● PROBLEM DETAILS
Could you print the stretch of lines below from the one with "Synthetic Leather Flip" through the one with "Рубашка хлопковая с", exactly as they stand and without any pictures?

● PROVIDED ENTRIES
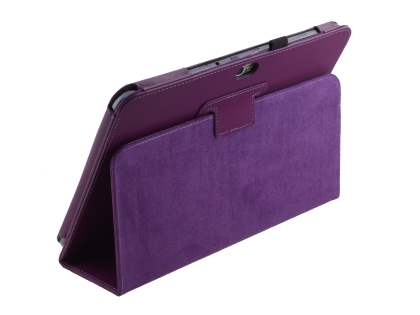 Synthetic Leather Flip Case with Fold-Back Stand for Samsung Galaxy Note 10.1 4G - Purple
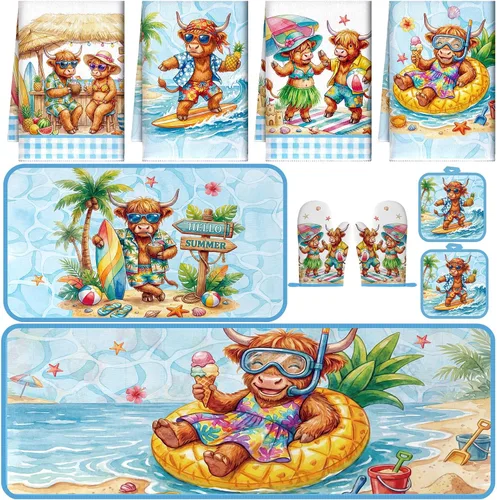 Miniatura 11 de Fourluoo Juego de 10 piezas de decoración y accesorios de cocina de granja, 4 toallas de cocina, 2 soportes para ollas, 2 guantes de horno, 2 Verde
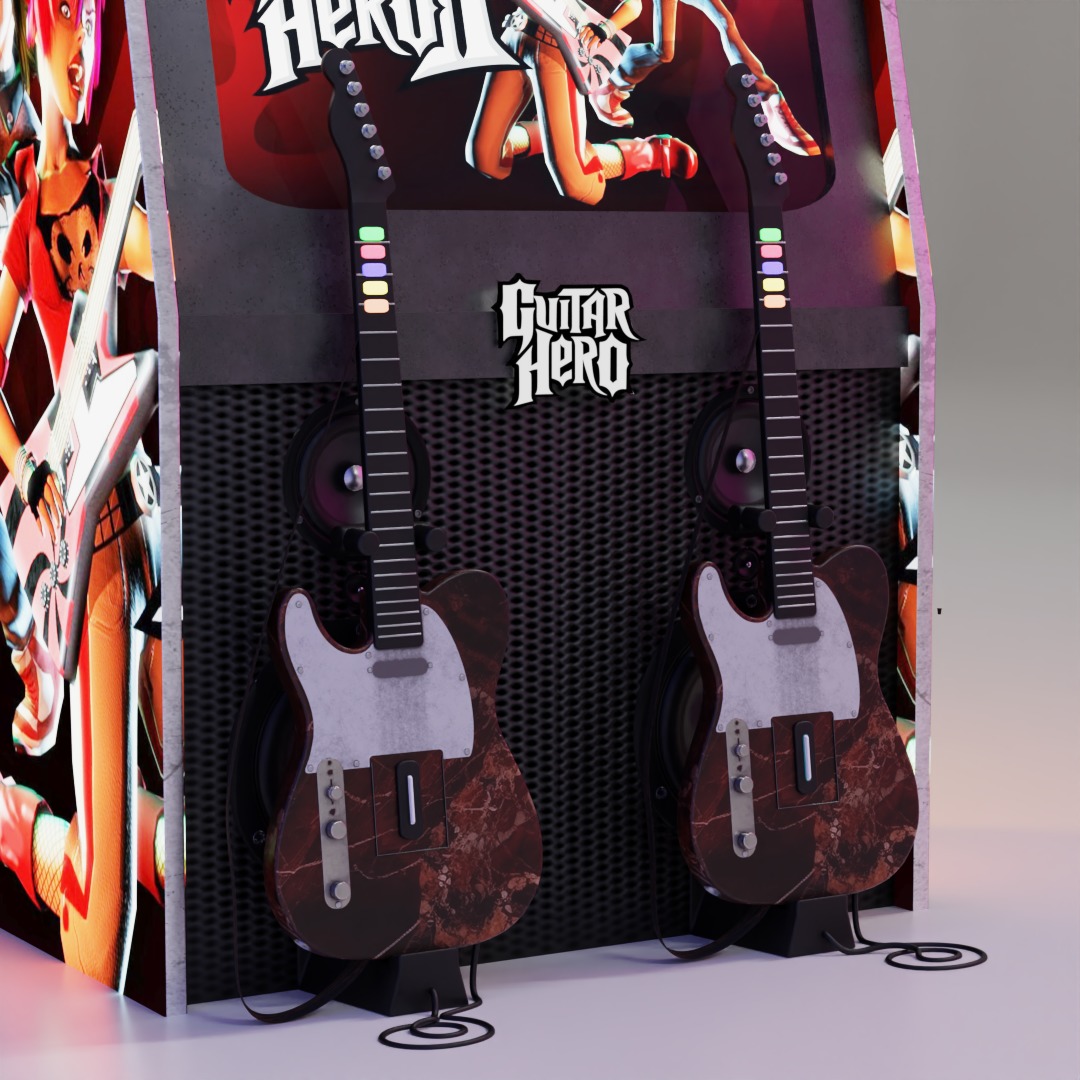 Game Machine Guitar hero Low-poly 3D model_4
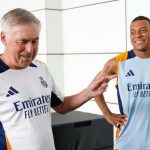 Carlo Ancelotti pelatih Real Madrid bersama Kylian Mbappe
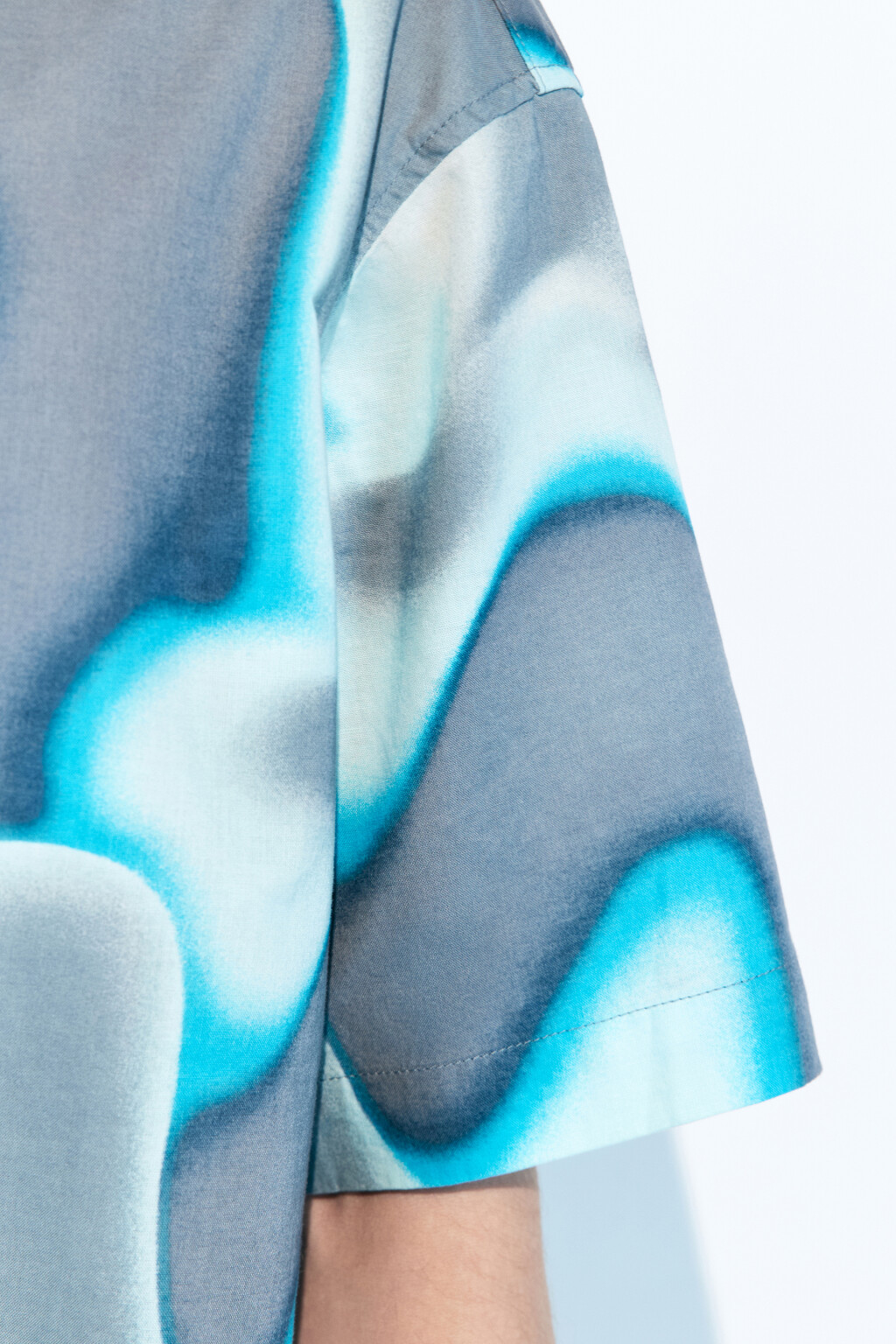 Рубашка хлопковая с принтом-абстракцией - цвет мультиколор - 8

==

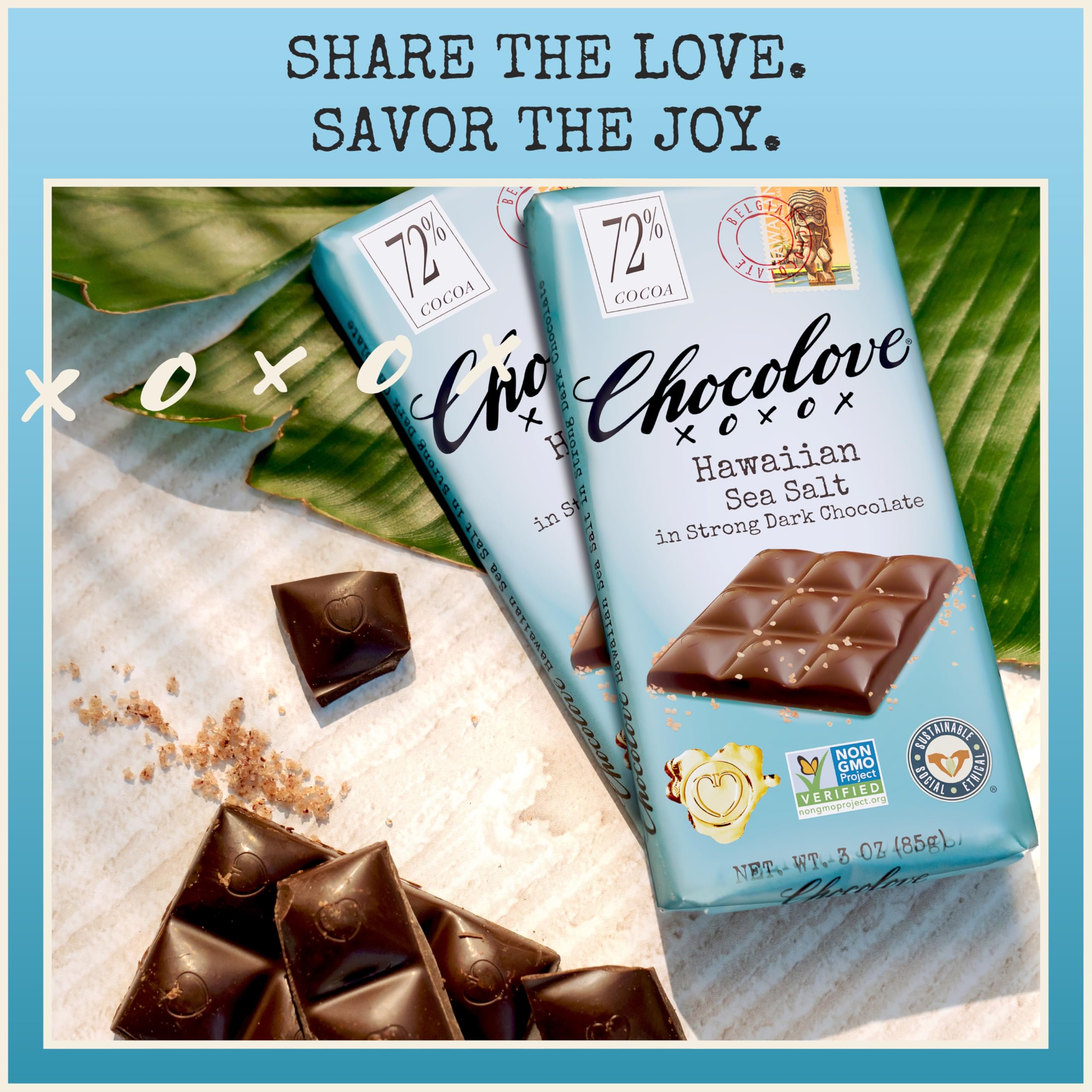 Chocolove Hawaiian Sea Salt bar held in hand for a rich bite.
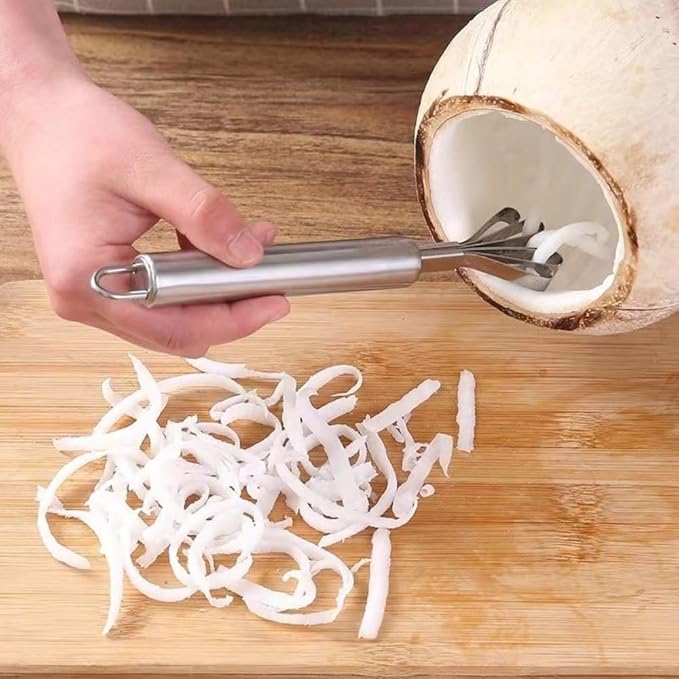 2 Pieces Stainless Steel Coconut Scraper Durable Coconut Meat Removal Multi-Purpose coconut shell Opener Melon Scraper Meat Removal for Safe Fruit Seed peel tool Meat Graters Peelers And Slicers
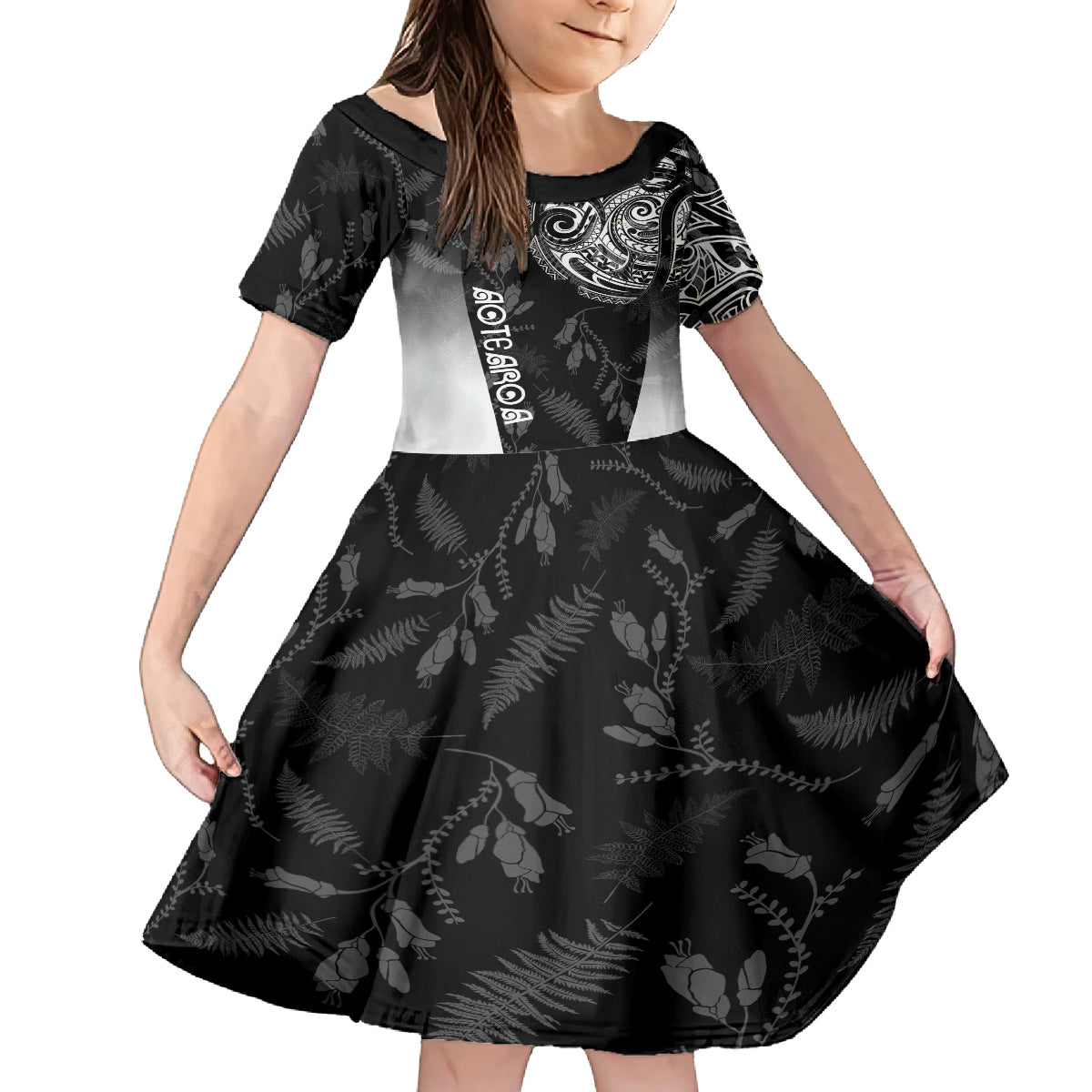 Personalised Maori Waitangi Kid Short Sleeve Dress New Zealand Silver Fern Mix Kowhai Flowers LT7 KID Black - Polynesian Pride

...

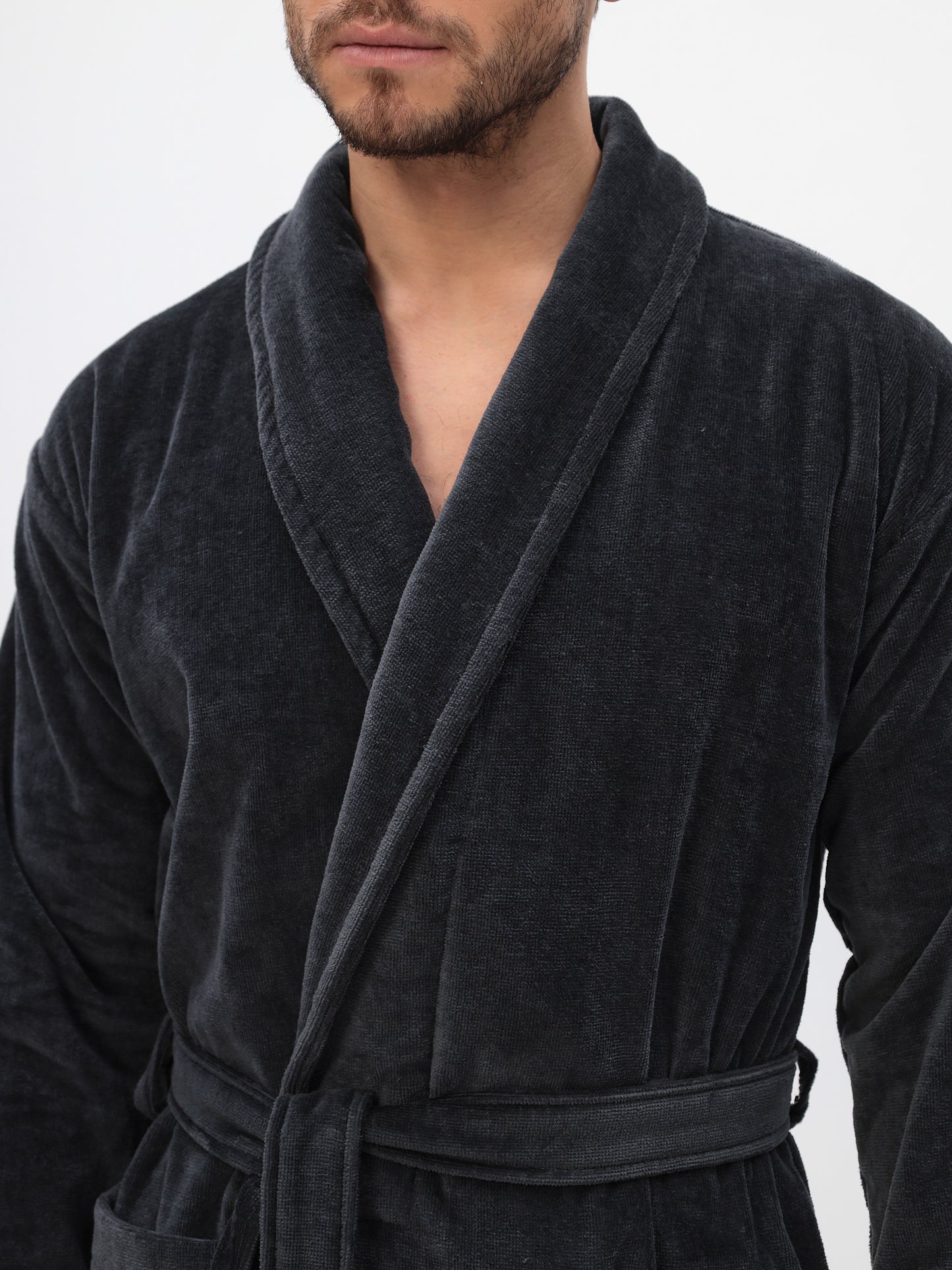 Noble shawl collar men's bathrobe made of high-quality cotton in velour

● EXERCISE RESPONSE
 Synthetic Leather Flip Case with Fold-Back Stand for Samsung Galaxy Note 10.1 4G - Purple
 Miniatura 11 de Fourluoo Juego de 10 piezas de decoración y accesorios de cocina de granja, 4 toallas de cocina, 2 soportes para ollas, 2 guantes de horno, 2 Verde
 Game Machine Guitar hero Low-poly 3D model_4
 Carlo Ancelotti pelatih Real Madrid bersama Kylian Mbappe
 Рубашка хлопковая с принтом-абстракцией - цвет мультиколор - 8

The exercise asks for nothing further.